* Brief:
Start at the line below containing "100 Pcs Paper" and stop at the line containing "Essex Distressed Green". Repeat every line of that stretch exactly, and nothing outside it.

* Exercise input:
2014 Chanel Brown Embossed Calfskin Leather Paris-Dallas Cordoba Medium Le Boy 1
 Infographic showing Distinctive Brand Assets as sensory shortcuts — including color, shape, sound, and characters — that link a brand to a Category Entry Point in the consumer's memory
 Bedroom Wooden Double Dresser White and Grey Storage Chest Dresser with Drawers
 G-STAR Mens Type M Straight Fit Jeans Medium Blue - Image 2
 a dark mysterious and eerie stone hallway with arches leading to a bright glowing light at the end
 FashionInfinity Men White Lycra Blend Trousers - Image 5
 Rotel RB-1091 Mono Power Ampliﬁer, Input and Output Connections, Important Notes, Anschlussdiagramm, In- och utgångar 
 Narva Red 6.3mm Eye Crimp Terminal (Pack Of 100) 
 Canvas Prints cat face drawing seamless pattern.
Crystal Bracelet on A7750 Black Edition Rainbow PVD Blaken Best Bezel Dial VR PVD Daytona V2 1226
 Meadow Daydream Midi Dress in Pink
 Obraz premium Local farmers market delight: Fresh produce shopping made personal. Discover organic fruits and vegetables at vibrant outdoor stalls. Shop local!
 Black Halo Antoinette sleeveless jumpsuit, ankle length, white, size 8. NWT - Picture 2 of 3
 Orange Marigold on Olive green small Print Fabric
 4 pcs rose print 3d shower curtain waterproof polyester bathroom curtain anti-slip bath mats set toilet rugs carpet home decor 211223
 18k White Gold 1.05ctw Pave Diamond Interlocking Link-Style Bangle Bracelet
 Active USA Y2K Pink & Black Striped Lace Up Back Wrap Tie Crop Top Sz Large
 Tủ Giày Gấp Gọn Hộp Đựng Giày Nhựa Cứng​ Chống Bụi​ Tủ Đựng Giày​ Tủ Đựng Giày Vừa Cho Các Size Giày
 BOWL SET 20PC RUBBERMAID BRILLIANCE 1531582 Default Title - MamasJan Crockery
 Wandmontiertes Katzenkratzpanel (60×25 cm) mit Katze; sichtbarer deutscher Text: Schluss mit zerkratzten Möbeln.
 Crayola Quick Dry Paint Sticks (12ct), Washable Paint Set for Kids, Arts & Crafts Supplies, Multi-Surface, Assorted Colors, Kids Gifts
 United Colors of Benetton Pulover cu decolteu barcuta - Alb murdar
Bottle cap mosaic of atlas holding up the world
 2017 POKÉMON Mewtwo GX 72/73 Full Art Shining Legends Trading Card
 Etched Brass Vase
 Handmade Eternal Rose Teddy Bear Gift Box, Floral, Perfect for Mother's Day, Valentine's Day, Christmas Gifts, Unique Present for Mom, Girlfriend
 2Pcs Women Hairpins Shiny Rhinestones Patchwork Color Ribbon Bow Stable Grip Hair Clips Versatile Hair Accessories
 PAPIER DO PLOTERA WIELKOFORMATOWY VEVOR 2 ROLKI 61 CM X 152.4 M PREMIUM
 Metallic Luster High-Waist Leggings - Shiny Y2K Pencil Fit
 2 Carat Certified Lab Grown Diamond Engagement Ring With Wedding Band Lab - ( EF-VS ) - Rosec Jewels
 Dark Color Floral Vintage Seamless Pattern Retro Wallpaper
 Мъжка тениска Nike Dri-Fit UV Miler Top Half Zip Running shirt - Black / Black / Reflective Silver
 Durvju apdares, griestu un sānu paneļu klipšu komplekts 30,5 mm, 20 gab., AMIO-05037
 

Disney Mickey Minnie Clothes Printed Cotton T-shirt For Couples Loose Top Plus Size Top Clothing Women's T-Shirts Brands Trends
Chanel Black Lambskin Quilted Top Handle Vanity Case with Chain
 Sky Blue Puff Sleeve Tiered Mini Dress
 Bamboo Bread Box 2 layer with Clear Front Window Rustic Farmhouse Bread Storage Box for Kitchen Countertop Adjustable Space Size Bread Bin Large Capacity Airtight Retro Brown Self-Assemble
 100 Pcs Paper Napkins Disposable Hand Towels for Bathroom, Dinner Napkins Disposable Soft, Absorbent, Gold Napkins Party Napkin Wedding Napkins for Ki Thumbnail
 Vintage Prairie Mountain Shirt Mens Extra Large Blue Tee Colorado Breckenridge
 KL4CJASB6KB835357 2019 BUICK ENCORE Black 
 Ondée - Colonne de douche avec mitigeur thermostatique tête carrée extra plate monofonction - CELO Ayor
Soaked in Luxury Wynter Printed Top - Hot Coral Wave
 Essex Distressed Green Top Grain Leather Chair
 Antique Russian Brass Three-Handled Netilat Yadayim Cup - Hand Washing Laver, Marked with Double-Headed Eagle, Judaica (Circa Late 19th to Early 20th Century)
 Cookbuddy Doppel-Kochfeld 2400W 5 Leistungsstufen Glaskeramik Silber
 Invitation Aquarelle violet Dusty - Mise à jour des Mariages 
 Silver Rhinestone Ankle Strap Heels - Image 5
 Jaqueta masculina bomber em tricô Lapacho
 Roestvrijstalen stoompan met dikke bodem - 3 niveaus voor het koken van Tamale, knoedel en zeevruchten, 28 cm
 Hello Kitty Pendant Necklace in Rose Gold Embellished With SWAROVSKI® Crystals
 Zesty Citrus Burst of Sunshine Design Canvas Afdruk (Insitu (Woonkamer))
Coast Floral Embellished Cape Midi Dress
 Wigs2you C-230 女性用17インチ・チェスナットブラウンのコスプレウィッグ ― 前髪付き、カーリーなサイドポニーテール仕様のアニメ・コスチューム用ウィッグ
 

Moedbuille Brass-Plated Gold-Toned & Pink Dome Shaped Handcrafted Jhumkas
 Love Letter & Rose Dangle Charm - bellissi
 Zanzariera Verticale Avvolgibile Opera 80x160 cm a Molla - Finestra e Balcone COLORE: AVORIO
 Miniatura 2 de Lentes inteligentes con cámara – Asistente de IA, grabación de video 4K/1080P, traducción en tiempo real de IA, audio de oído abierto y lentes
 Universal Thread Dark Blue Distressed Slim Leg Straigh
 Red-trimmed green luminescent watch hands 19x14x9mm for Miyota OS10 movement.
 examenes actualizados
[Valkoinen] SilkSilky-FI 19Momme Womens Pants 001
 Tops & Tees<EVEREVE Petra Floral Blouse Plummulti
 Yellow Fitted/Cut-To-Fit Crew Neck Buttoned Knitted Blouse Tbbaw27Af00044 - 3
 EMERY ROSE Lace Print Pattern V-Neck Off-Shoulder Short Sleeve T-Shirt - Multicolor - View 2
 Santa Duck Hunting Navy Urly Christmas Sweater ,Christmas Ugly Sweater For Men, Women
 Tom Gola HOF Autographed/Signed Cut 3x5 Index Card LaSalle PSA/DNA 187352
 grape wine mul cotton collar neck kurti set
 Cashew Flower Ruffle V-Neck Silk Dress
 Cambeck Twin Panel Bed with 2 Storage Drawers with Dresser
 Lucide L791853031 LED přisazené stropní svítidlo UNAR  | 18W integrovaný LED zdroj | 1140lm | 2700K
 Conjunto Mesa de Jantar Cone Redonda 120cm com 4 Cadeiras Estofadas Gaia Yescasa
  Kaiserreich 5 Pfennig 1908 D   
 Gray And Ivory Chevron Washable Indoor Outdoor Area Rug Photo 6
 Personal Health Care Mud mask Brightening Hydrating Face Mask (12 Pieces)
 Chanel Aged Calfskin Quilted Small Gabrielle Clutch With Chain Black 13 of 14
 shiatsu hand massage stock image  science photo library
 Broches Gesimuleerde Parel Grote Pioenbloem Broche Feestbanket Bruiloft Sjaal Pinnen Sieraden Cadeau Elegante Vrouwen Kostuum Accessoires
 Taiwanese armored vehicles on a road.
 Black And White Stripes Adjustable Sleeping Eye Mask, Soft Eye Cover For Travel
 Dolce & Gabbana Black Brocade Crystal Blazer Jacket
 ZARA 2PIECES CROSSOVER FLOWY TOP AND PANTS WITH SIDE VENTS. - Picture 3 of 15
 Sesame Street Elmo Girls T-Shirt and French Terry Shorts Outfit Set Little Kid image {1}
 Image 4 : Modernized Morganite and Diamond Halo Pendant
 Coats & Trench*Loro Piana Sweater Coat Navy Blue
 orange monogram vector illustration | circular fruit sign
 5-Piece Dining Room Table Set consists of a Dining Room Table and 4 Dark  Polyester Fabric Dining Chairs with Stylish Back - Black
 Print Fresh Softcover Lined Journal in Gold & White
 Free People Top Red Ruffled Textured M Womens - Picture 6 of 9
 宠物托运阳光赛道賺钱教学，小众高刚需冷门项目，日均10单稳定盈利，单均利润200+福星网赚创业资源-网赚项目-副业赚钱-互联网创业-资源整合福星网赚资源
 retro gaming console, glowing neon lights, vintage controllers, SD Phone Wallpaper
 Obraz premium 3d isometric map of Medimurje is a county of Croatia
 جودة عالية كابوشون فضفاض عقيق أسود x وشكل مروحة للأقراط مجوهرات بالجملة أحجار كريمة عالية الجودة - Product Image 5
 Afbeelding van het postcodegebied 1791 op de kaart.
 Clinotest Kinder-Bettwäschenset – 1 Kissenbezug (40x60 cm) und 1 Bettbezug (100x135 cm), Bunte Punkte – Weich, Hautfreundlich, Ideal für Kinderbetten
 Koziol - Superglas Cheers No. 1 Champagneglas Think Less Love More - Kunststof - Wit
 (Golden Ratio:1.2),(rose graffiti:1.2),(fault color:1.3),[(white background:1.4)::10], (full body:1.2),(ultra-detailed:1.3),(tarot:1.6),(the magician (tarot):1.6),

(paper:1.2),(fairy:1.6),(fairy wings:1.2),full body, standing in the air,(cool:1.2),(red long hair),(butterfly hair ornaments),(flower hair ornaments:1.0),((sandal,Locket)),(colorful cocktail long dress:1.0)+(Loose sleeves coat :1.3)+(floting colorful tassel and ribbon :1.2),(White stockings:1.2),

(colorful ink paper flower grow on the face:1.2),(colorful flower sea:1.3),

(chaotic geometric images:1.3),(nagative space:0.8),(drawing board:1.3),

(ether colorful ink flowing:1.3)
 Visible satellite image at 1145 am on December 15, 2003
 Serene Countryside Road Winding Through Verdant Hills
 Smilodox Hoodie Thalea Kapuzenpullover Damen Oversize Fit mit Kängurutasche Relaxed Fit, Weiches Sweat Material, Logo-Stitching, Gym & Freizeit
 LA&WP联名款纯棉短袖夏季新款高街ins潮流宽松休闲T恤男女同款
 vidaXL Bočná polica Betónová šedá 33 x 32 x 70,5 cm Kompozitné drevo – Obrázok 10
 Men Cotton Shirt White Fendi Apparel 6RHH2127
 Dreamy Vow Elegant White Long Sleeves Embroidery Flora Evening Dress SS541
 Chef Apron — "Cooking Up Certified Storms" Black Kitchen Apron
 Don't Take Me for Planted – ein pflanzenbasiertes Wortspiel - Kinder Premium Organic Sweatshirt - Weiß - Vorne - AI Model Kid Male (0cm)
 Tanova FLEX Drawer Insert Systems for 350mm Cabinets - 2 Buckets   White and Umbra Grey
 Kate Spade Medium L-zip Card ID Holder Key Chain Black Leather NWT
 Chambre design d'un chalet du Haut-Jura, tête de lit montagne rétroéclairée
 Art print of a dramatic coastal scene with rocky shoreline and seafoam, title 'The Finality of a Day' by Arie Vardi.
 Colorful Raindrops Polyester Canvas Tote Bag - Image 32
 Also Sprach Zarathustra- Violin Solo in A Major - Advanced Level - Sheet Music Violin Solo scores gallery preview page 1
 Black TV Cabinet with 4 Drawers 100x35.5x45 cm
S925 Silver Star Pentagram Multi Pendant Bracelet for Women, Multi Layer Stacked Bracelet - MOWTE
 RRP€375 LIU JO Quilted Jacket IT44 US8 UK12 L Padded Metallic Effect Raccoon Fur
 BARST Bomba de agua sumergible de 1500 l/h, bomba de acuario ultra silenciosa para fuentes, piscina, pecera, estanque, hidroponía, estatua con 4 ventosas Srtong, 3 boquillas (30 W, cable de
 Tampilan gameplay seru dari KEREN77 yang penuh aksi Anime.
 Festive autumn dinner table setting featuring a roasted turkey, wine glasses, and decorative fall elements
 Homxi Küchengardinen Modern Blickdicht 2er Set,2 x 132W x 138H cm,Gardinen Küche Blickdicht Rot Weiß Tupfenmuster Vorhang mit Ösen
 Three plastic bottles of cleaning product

* Solved exercise:
 100 Pcs Paper Napkins Disposable Hand Towels for Bathroom, Dinner Napkins Disposable Soft, Absorbent, Gold Napkins Party Napkin Wedding Napkins for Ki Thumbnail
 Vintage Prairie Mountain Shirt Mens Extra Large Blue Tee Colorado Breckenridge
 KL4CJASB6KB835357 2019 BUICK ENCORE Black 
 Ondée - Colonne de douche avec mitigeur thermostatique tête carrée extra plate monofonction - CELO Ayor
Soaked in Luxury Wynter Printed Top - Hot Coral Wave
 Essex Distressed Green Top Grain Leather Chair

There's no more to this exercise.